This is currently on my Infinispan fork at 
gitbub.com/belaban/infinispan. But again, hopefully this will get 
integrated into master soon. Note that my changes are experimental ...

On 4/6/11 3:23 PM, Erik Salter wrote:
> Hi Bela,
>
> I'm interested in your changes as well, as concurrent startup vexes my cache 
> usage as well.  Is there a wiki or JIRA I could look at to understand the 
> fundamental differences?
>
> Thanks,
>
> Erik
>
> -----Original Message-----
> From: [email protected] 
> [mailto:[email protected]] On Behalf Of Bela Ban
> Sent: Wednesday, April 06, 2011 2:46 AM
> To: [email protected]
> Subject: Re: [infinispan-dev] Infinispan Large Scale support
>
> Hi David,
>
> Dan and I had a talk about integrating my changes to the distribution code to 
> 5.x. As I mentioned below, the current code is quite brittle wrt concurrent 
> startup, so this will get fixed with my changes. I hope we can backport this 
> to the 4.2.x branch as well. As a matter of fact, I actually made my changes 
> on a branch off of 4.2.x.
>
> On 4/5/11 2:51 PM, david marion wrote:
>>
>> Bela,
>>
>>     Yes, it is a replicated cache and I used your udp-largecluster.xml file 
>> and just modified it slightly. It does appear that the distributed cache is 
>> in a deadlock (or there is a race condition), the coordinator comes up, but 
>> the other caches do not, they sit there and wait. I was able to get a 
>> distributed cache up and running on 100+ nodes, now I cannot get 5 of them 
>> running.
>>
>>> Date: Tue, 5 Apr 2011 11:09:54 +0200
>>> From: [email protected]
>>> To: [email protected]
>>> Subject: Re: [infinispan-dev] Infinispan Large Scale support
>>>
>>>
>>>
>>> On 4/4/11 5:45 PM, david marion wrote:
>>>>
>>>>
>>>> Good news! I was able to use the system property from ISPN-83 and remove 
>>>> the FLUSH from the jgroups config with 4.2.1.FINAL, and start-up times are 
>>>> much much better. We have a replicated cache on about 420+ nodes up in 
>>>> under 2 minutes.
>>>
>>>
>>> Great ! Just to confirm: this is 420+ Infinispan instances, with
>>> replication enabled, correct ?
>>>
>>> Did you use a specific JGroups config (e.g. udp-largecluster.xml) ?
>>>
>>>
>>>> I am seeing an issue with the distributed cache though with as little as 5 
>>>> nodes.
>>>>
>>>> In the coordinator log I see
>>>>
>>>> org.infinispan.distribution.DistributionmanagerImpl: Detected a view 
>>>> change. Member list changed.......
>>>> org.infinispan.distribution.DistributionmanagerImpl: This is a JOIN
>>>> event! Wait for notification from new joiner<name>
>>>>
>>>> In the log from the joining node I see:
>>>>
>>>> org.infinispan.distribution.JoinTask: Commencing rehash on
>>>> node:<name>. Before start, distributionManager.joinComplete=false
>>>> org.infinispan.distribution.JoinTask: Requesting old consistent hash
>>>> from coordinator
>>>>
>>>> I jstack'd the joiner, the DefaultCacheManager.getCache() method is
>>>> waiting on 
>>>> org.infinispan.distribution.DistributionManagerImpl.waitForJoinToComplete()

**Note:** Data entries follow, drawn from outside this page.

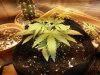20160116_052619.jpg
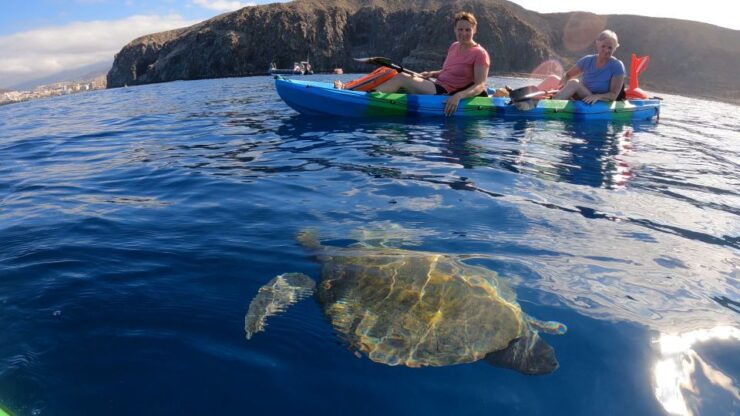Tenerife: Kayak and Snorkel With Turtles - Activity Details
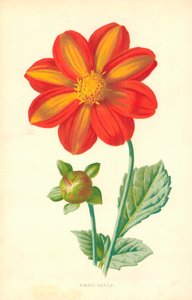 Einzelne Dahlie von Frederick Edward Hulme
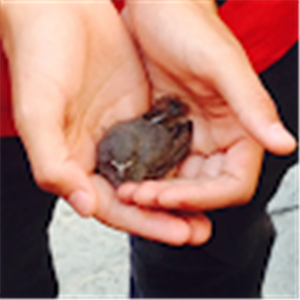 Benny Avriel Sheffer - תמונה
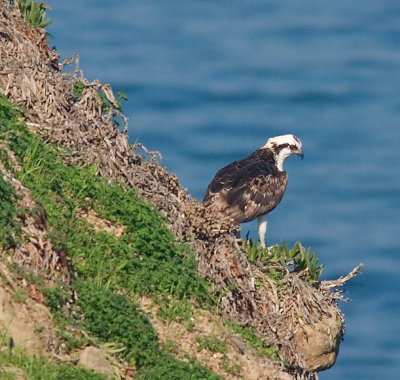 Osprey On A Cliff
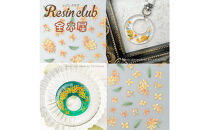 レジンクラブ&nbsp;レジンシート&nbsp;5枚セット&nbsp;【春夏秋冬】両面タイプ&nbsp;シール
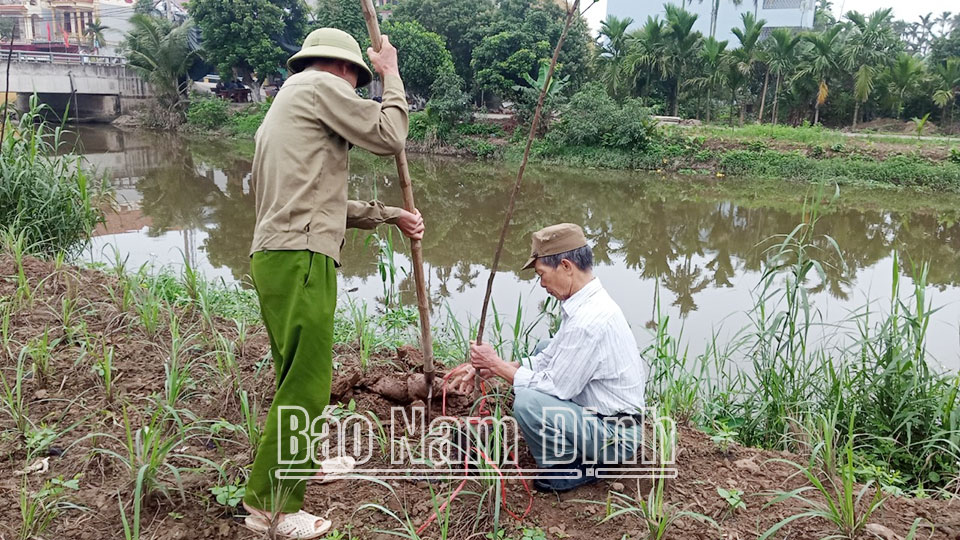 Hội viên cựu chiến binh huyện Trực Ninh tham gia trồng cây xanh tạo cảnh quan môi trường nông thôn mới sáng - xanh - sạch - đẹp. 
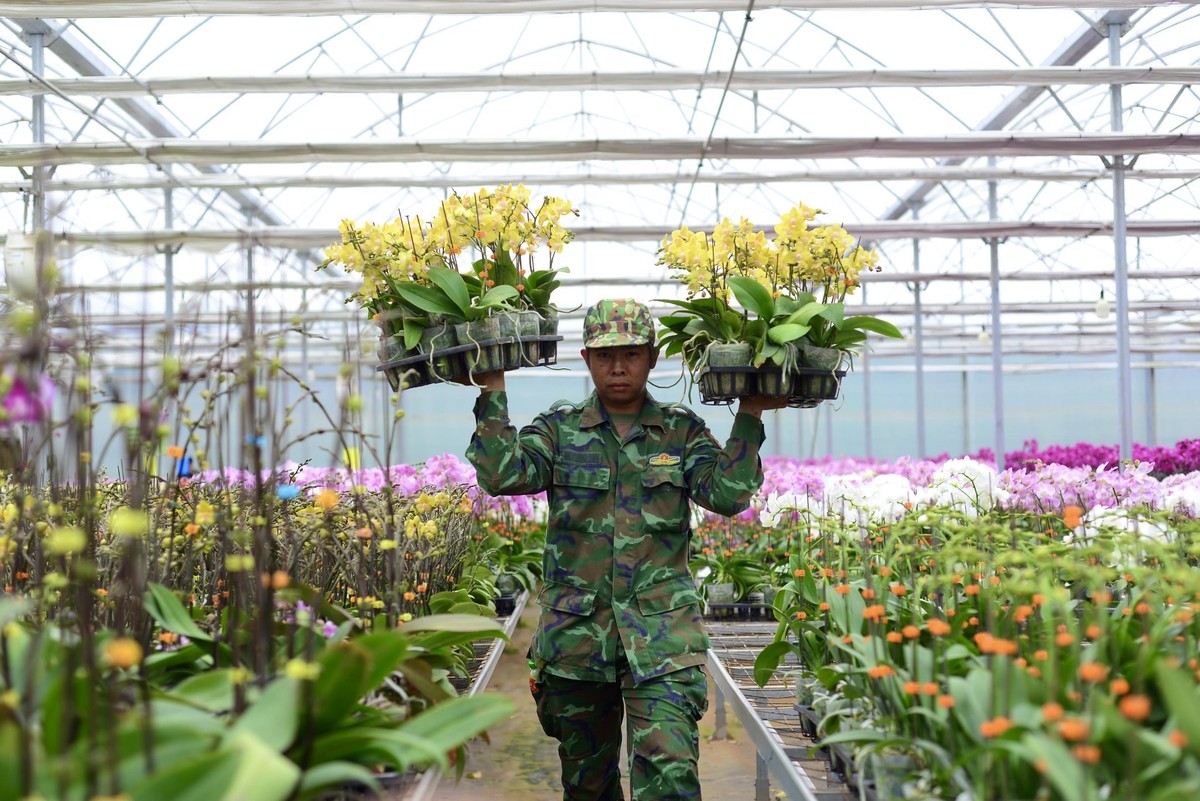 Los pueblos de flores de lujo en Lam Dong están muy concurridos durante la temporada del Tet, foto 7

>>>>  and the Rehasher thread is waiting on:
>>>>
>>>> at
>>>> org.infinispan.util.concurrent.ReclosableLatch.await(ReclosableLatch
>>>> .java:75) at
>>>> org.infinipsan.remoting.transport.jgroups.JGroupsDistSync.blockUntil
>>>> NoJoinsInProgress(JGroupsDistSync.java:113)
>>>>
>>>> Any thoughts?
>>>
>>>
>>> I recently took a look at the distribution code, and this part is
>>> very brittle with respect to parallel startup and merging. Plus, I
>>> believe the (blocking) RPC to fetch the old CH from the coordinator
>>> might deadlock in certain cases...
>>>
>>> I've got a pull request for a push based rebalancing versus pull
>>> based rebalancing pending. It'll likely make it into 5.x, as a matter
>>> of fact I've got a chat about this this afternoon.
>>>
>>>
>>>
>>>
>>>>> Date: Wed, 23 Mar 2011 15:58:19 +0100
>>>>> From: [email protected]
>>>>> To: [email protected]
>>>>> Subject: Re: [infinispan-dev] Infinispan Large Scale support
>>>>>
>>>>>
>>>>>
>>>>> On 3/23/11 2:39 PM, david marion wrote:
>>>>>>
>>>>>> Bela,
>>>>>>
>>>>>> Is there a way to start up the JGroups stack on every node without using 
>>>>>> Infinispan?
>>>>>
>>>>>
>>>>> You could use ViewDemo [1] or Draw. Or write your own small test
>>>>> program; if you take a look at ViewDemo's src, you'll see that it's
>>>>> onyl a page of code.
>>>>>
>>>>>
>>>>>> Is there some functional test that I can run or something? I know
>>>>>> I can't remove the FLUSH from Infinispan until 5.0.0 and I don't know if 
>>>>>> I can upgrade the underlying JGroups jar.
>>>>>
>>>>>
>>>>> I suggest test with the latest JGroups (2.12.0) and +FLUSH and -FLUSH.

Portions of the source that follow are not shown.